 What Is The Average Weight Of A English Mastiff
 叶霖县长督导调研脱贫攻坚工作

++++++++

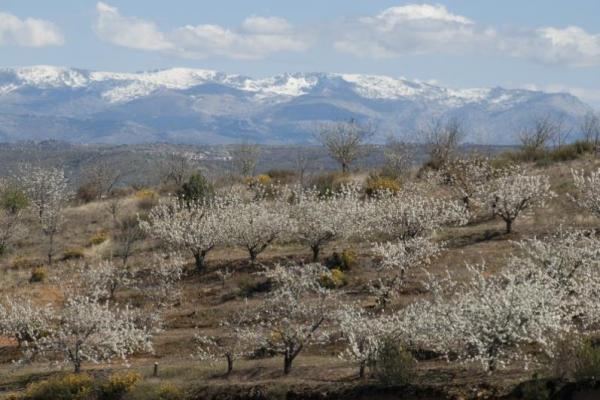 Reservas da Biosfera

++++++++

→ To do
Here the job is to set down exactly the lines of the material above that fall between the one with "What Is The" and the one with "叶霖县长督导调研脱贫攻坚工作", inclusive, and nothing beyond them.

→ Exercise response
 What Is The Average Weight Of A English Mastiff
 叶霖县长督导调研脱贫攻坚工作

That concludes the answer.